Теперь же, в 56-м году, даже оказалось возможным просто-напросто вернуться к «остаточным явлениям», возобновив «Аристократов».

Затем Охлопков ставит с Зотовой пьесу Погодина «Сонет Петрарки», от которой у меня в памяти ничегошеньки не осталось, хотя я бывал на репетициях и видел спектакль. Там играли, кажется, Свердлин, Самойлов, Вера Орлова. Форма спектакля вспоминается нерезкой, неброской, – так бывало всегда, когда Охлопков ставил за Зотову. Должен же у нее, черт возьми, быть «свой» почерк…
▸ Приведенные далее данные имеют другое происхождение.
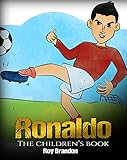 Ronaldo: The Children's Book. Fun, Inspirational and Motivational Life Story of Cristiano Ronaldo - One of The Best Soccer Players in History. (Soccer Book For Kids)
Поставлена пьеса и другого советского классика, Леонова, – «Садовник и тень». Язык Леонова, как известно, труден. Артисты до самой премьеры путали текст. Опять, как в «Аристократах», была площадка в центре зала, только другой формы и совершенно пустая. В середине лежало настоящее яблоко, высвеченное «пистолетами». Что-то громкое и непонятное вещал Ханов. Более не помню ничего. Как пишут в сценариях, ЗТМ (затемнение).
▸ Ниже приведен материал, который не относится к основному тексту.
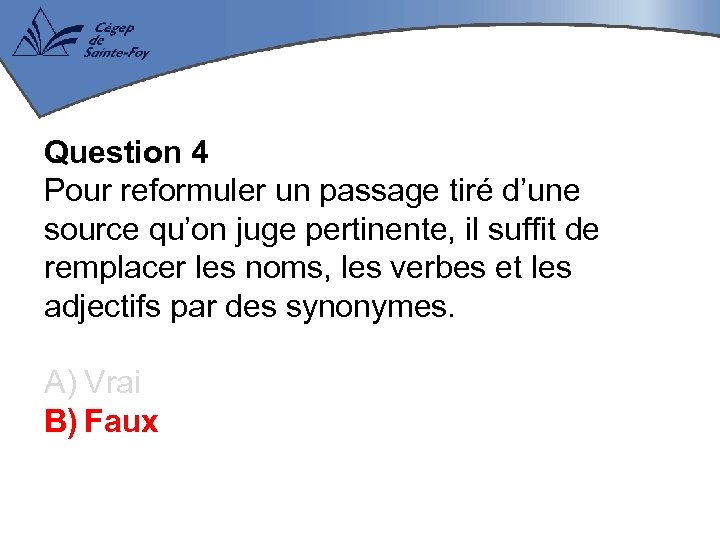 Question 4 Pour reformuler un passage tiré d’une source qu’on juge pertinente, il suffit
От классиков Охлопков снисходит до кинодраматурга А. Спешнева, сделавшего пьесу по киносценарию «День остановить нельзя». Хоть на сей раз я играл французского летчика Жака Ру – так, кажется, меня звали – и был на всех репетициях, убей меня Бог, если я и тут в состоянии пересказать содержание пьесы. С трудом припоминаю, что был в полосатом тюремном костюме как отказавшийся бомбить Алжир или Марокко. Помню, что меня расстреливали. Что действие происходило во Франции, в СССР, в Америке, в Японии и в Марокко одновременно.

Единственно что вспоминаю отчетливо – это оформление и финал спектакля с поклонами, которые очень долго репетировал Николай Павлович. По-моему, больше, чем сам спектакль.
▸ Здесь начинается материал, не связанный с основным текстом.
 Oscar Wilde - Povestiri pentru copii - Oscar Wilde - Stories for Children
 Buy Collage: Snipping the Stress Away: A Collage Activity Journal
Поставил он эту «галочку» на актуальную тему очень быстро. Пьеса состояла из не связанных друг с другом эпизодов, и главная наша задача состояла в том, чтобы запомнить, какой эпизод каким сменяется. Эпизоды были пронумерованы, но мы, как ни старались, все время опаздывали на выходы. И случилось, что я в своей арестантской форме возник в советской семье, мирно беседующей в московской квартире, так как выходы на сцену шли в темноте, а я спутал номер своего эпизода. В зале во время прогона, не сдержавшись, заржали, Охлопков же устроил мне такой разнос, что я и сегодня чувствую холод в нижней части живота, лишь вспомню об этом. Правда, после того как в «Японию» или в «США» влез уже кто-то из «русских» в соответствующей одежде, Охлопков прикрепил к спектаклю еще трех помрежей, которые должны были стоять за кулисами и контролировать происходящее.

Над сценой в натуральную величину висел металлический спутник; «бип-бип-бип» неслось из динамиков. Антенны спутника, продолженные вниз до зеркала сцены, разбивали сценическое пространство на три участка: там и размещались разные «страны». Иногда действие шло сразу на трех площадках.

Забегая вперед, скажу, что эта полифония спектакля Охлопкова, пусть неудачного, была взята на вооружение следующим поколением режиссеров. «Велосипед», как говорится, был изобретен Охлопковым, хотя двигался этот велосипед как бы по ухабистой дороге. Вот-вот произойдет катастрофа.

У нас на спектакле как раз она и произошла, даже жертвы были, разве что обошлось без летального исхода. Нет, спутник не упал, вообще все кончилось только фельетоном в «Вечерней Москве», где спутник и упомянут не был, – а надо бы, так как именно он, столь популярный и уважаемый в тот год во всем мире, был виной скандала.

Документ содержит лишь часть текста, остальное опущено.